PORIGOL (HM) Dolphinlike mammals who can stun or kill with sound.

QASADA H Diurnal Large ratlike creatures with long tails, whiskers, and hivelike communities.

SHAMOZAN H Diurnal These huge, hairy tarantulas like alcohol, melodic music, and games of skill.

TELIAGIN N Diurnal Great cyclopses; carnivores who raise their own sheep to eat and are bull-headed but not dumb.

TULIGA (S) Giant, rather repulsive sea slugs, neither nice nor communicative.

UCHJIN N Nocturnal Look like giant paint smears flowing down glass.

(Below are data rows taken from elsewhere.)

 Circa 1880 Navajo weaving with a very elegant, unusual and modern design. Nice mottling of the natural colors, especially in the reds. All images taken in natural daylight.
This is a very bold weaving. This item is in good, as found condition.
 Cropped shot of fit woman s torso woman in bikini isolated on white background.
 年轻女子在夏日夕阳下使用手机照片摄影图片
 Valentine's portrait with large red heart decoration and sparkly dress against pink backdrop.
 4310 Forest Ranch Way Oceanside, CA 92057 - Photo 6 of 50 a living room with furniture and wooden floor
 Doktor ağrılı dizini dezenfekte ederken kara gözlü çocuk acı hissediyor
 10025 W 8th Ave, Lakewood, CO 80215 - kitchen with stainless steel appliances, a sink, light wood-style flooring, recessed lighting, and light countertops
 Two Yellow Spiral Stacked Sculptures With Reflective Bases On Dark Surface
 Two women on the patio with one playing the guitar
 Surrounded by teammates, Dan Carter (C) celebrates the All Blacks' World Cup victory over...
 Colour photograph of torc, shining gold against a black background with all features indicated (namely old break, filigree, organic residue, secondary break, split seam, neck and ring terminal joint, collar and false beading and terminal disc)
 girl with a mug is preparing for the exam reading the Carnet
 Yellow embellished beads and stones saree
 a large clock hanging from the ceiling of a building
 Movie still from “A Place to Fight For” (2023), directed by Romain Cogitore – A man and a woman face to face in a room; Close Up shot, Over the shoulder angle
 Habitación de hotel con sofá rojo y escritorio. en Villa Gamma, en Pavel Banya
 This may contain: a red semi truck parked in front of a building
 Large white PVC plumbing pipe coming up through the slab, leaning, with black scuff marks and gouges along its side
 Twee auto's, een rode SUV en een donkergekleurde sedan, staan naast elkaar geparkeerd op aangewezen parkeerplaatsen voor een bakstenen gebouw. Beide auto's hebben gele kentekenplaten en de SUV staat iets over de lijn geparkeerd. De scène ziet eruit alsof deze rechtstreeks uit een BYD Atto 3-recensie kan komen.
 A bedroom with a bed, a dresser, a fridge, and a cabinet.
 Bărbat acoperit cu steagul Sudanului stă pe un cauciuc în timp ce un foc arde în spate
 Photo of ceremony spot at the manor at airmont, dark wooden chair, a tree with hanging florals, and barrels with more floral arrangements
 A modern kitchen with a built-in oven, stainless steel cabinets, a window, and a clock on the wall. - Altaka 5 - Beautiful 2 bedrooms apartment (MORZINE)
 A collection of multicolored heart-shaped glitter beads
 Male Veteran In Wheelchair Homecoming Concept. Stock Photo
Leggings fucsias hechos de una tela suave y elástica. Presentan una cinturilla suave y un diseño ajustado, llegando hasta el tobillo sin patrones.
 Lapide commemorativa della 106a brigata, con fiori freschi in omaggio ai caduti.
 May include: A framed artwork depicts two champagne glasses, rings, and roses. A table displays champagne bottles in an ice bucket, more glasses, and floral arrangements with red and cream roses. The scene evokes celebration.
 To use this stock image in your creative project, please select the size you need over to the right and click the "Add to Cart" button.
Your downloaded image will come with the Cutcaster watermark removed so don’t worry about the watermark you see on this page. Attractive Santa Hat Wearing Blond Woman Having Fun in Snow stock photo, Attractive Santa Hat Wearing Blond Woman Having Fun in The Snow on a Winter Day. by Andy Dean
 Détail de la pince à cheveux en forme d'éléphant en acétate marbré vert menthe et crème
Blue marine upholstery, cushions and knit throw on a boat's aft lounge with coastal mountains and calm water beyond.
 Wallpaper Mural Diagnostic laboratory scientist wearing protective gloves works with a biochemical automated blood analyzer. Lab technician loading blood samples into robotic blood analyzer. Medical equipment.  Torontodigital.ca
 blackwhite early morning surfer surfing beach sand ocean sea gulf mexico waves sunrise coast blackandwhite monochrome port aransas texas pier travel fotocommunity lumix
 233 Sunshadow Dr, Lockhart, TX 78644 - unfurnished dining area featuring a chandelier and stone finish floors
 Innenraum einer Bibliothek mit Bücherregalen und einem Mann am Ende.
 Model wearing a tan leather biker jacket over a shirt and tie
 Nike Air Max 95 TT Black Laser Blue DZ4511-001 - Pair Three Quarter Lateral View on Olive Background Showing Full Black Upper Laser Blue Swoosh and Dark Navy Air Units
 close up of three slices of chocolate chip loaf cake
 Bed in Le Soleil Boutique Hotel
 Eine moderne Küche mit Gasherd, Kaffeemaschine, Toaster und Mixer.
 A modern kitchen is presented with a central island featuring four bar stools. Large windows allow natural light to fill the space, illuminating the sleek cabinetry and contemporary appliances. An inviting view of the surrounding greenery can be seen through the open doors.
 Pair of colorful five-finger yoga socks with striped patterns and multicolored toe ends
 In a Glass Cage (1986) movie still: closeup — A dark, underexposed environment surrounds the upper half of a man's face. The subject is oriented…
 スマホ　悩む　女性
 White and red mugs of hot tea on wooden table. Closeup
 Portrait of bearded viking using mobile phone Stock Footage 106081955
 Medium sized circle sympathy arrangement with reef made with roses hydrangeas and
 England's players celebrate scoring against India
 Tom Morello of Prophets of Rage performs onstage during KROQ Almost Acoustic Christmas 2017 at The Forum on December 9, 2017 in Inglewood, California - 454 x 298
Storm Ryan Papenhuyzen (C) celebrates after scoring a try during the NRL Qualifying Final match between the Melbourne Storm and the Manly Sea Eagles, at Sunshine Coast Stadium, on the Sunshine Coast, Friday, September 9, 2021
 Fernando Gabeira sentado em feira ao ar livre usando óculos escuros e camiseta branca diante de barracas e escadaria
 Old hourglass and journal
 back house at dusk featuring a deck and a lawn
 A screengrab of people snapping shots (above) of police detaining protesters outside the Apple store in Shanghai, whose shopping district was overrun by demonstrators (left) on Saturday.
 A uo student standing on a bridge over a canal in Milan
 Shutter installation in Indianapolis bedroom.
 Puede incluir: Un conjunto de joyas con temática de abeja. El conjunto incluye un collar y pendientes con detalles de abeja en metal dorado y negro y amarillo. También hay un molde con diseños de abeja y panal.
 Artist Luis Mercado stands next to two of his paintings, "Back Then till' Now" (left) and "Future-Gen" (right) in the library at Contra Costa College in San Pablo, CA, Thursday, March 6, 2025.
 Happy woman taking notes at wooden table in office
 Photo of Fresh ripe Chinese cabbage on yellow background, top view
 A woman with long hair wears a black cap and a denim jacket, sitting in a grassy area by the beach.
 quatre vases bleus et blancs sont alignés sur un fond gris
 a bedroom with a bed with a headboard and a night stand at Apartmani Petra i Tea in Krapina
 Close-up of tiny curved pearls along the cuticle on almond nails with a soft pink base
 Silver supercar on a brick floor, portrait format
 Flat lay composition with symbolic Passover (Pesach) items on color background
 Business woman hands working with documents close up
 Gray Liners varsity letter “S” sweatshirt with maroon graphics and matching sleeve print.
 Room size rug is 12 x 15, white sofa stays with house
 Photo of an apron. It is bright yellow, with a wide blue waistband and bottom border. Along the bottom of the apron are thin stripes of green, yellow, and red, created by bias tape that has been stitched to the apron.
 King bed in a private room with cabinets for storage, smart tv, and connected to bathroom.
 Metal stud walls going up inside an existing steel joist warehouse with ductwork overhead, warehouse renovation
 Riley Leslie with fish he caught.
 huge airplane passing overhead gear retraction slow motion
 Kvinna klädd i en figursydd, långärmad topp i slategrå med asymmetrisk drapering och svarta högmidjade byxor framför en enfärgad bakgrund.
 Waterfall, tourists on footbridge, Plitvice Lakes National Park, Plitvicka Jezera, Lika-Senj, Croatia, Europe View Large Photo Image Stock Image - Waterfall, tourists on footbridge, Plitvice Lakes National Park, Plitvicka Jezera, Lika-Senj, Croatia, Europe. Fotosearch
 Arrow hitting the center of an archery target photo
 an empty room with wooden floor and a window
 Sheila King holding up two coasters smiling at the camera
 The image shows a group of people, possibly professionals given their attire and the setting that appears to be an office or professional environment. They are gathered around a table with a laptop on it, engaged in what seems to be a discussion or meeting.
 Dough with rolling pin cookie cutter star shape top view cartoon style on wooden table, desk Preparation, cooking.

ULIK H Diurnal Great six-armed snake-men that live in a desert hex at the Equatorial Barrier.

XODA NM Diurnal Resemble four meters of praying mantis, and have a hypnotic way of inviting you to dinner.

YAXA S Diurnal Females who eat their husbands after sex. Look like giant orange-and-brown butterflies with hard shiny black bodies, eight prehensile tentacles, and a death's head for a face. Visual system is quite different from Southern norm.

ZHONZORP H Diurnal Large, bipedal relatives of the crocodile given to dressing up like grand opera, capes and all, but are solid technicians.